The outgoing director of the Defense Health Agency said the biggest challenge facing military medicine in coming years won’t be physician shortages or prescription management or any of the other major issues facing health care in America today.

It’ll be politics.

“The military health system is at an inflection point,” said Vice Adm. Raquel Bono, who after four years in the top military health post will retire next week. “Part of the challenge of any change effort is making sure you have a consistent number of informed and engaged leaders.

“I’m on my sixth acting leader right now … and we’re coming up on another election year.”

Bono is stepping away from her own leadership role amid a dramatic transformation in Defense Department medical operations. Over a three-year period that began last fall, the DHA will assume direct management of all military health facilities, trimming redundancies throughout the services’ current medical sites.

The next steps in the move, mandated by Congress in 2016, include overseeing budgets for dozens of separate locations, shepherding in a new electronic medical records system compatible with the Department of Veterans Affairs, and trimming as many as 17,000 medical billets from the ranks in the name of efficiency.

But Bono, who has served in various medical leadership roles over her 40-year career, said those issues all become more complicated if Pentagon leadership doesn’t stay focused on ensuring the changes are implemented methodically and with patients’ needs in mind.

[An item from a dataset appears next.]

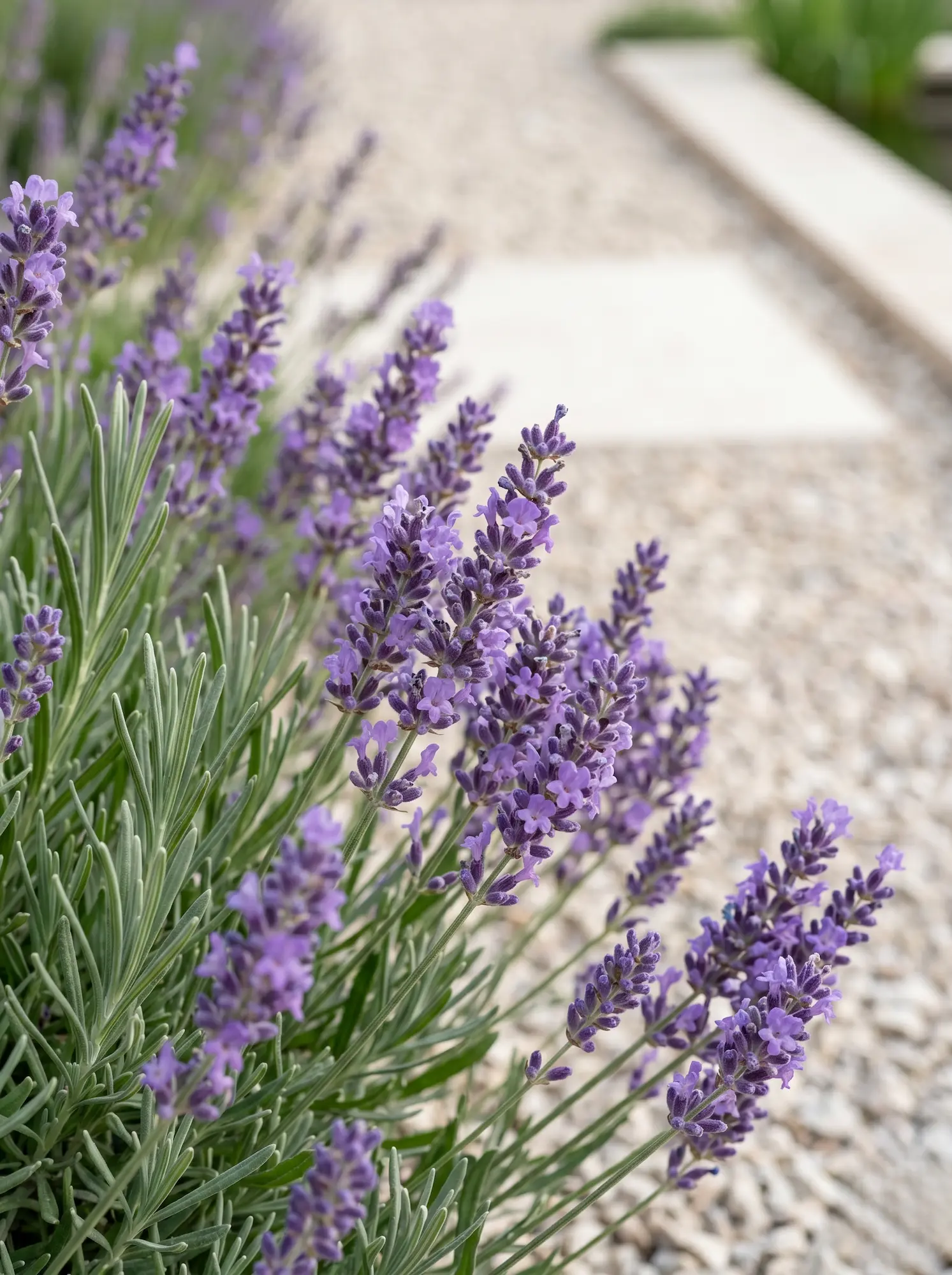 detalle lavanda toscano jardinesconestiloblog Detalle Lavanda Toscano Reinterpretación Moderna Del Paisajismo Toscano Líneas Purificadas Y Materia Noble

“Change is always going to be a challenge,” she said in a roundtable with reporters this week. “But there is a real interest (from military families) in us moving forward.

“From the patients’ perspective, at first they won’t see many visible changes. But as our new markets and the (military treatment facilities) begin to evolve, what they’ll see is how they make an appointment in Virginia will be the same way they make an appointment in San Diego.”

But that depends on consistent funding and attention from senior Defense Department and administration officials. Bono acknowledged that in recent years, the turnover within military leadership ranks has complicated that process, requiring a significant amount of remedical explaining as new officials come in.

“It’s an effort in getting them up to speed as quickly as possible, making sure they know what the main issues are, and being able to show the projected outcomes,” she said.

Next year’s election could likely bring more upheaval, regardless which presidential candidate wins. “Our stakeholders are Congress too, and there is going to be changeover there too,” Bono said.

On the potential 17,000 medical billet cuts — among the most controversial military health care changes under consideration — Bono said about a quarter of those positions are currently vacant. The agency will spend the next few months evaluating how to better fill those needs, then evaluate whether the other positions should also be outsourced or otherwise replaced.

She also sees increased collaboration with VA medical facilities as a natural next step in military medicine’s evolution, especially in light of the massive shared electronic health records project the separate agencies are developing.

That could mean more shared medical sites, similar to joint DOD and VA hospitals in Illinois and Alabama. Bono, who plans continuing her health care work as a civilian, said she sees those kinds of partnerships as critical not only within the federal systems, but in the private sector as well.

“The military health system is a microcosm of the larger national health system, and the challenges we have … they’re not unique to military health,” she said. “So much of what I’ve learned in the military system has great applicability to the larger American health care system. So I’d like to be able to disrupt health care in my next job too. I think there are opportunities there.”